The play was first performed on January 28, 1977, at the Yale Repertory Theatre in New Haven, Connecticut. This production was directed by Walt Jones, and featured Kate McGregor-Stewart as Ozzie Ann, Charles Levin as Harry/Larry, Richard Bey as David, and Ben Halley, Jr. as Hazel, with Stephen Rowe, Anne Louise Hoffmann and Jeremy Geidt.

Vietnamization made its off-Broadway premiere in New York City in January 2007, at the Alchemy Theatre Company of Manhattan. This production was directed by Robert Saxner, and featured Blanche Baker as Ozzie Ann, Frank Deal as Harry/Larry, and Corey Sullivan as David, with Nick Westrate, James Duane Polk, Susan Gross and Michael Cyril Creighton.

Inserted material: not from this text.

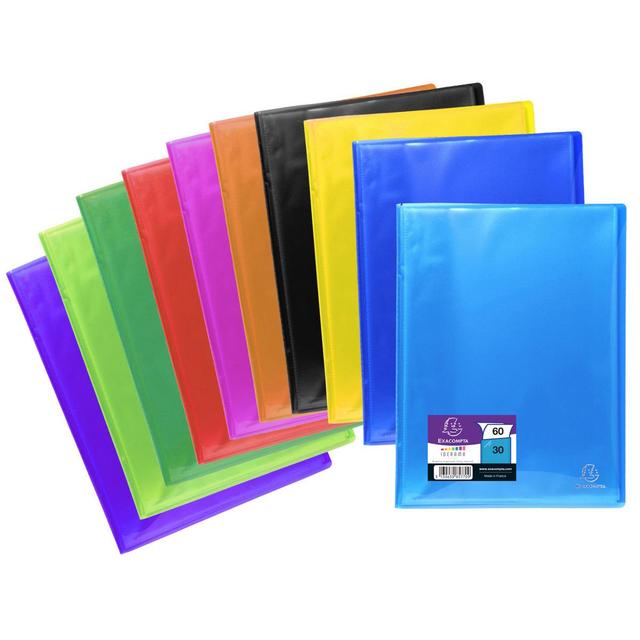 3130630857709 - Exacompta - Protège documents Iderama A4 21x29,7 cm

Vietnamization has also been performed in Cambridge, Massachusetts, Pittsburgh and, according to Durang, Russia, which he speculates is due to the play's title.

== Reception ==
In reviewing a 2006 performance of the play, Chicago Reader reviewer Albert Williams described it as a "dark farce" with themes that "ring loud and clear today" as parallels to America's involvement in Iraq, including "American jingoism [and] racial injustice". Williams commended Durang's "take-no-prisoners approach [which] gives the play a brash, youthful quality reminiscent of Fox's American Dad!, which simultaneously promulgates and parodies anti-CIA politics." Williams cites the David Rabe plays The Basic Training of Pavlo Hummel (1972) and Streamers (1976) as other sources of inspiration for Vietnamization.

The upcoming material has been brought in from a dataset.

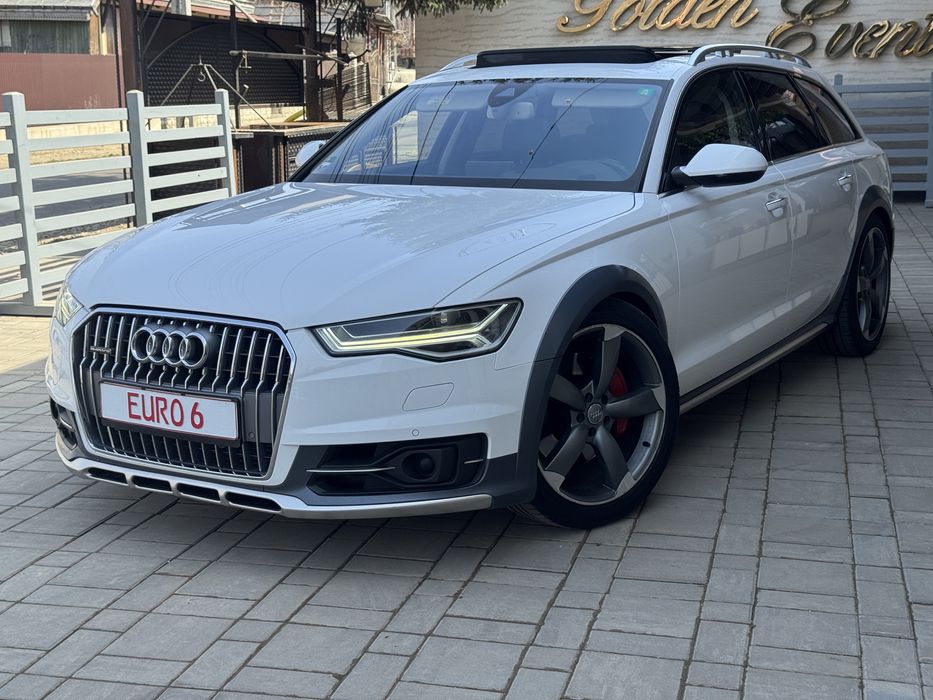 Audi A6 ALLROAD 3.0BiTDI V6 / 320CP / RATE / Euro 6 /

Variety also noted the parallels to the Iraq War in its review of the 2007 Alchemy revival. Nonetheless, reviewer Marilyn Stasio found the play to be dated, writing that the play was not well-suited to being revisited outside its 1970s context. Stasio credits the Thornton Wilder plays Our Town and The Skin of Our Teeth as inspirations with the militant Hazel being based more closely on Skin of Our Teeths Sabina than her 1960s TV namesake, and the play itself being more closely inspired by Saturday Night Live-style 1970s sketch comedy than any theatrical source.

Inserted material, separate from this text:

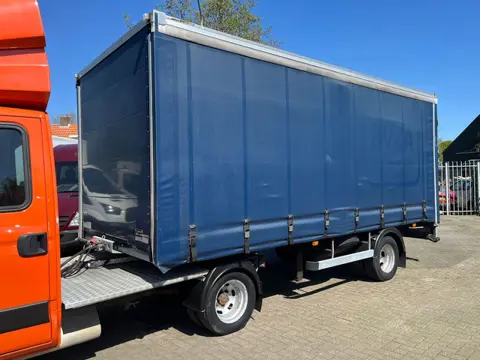 Veldhuizen P 31-2A | schuifzeil BE oplegger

The New York Times described the 2007 Alchemy revival as "a bracingly entertaining production", praising the play's "prescience" as a prototype for late-20th-century American sitcoms such as Married... with Children. Reviewer Ginia Bellafante singled out director Saxner's quick pacing and James Duane Polk's "terrifically droll performance" as Hazel for praise.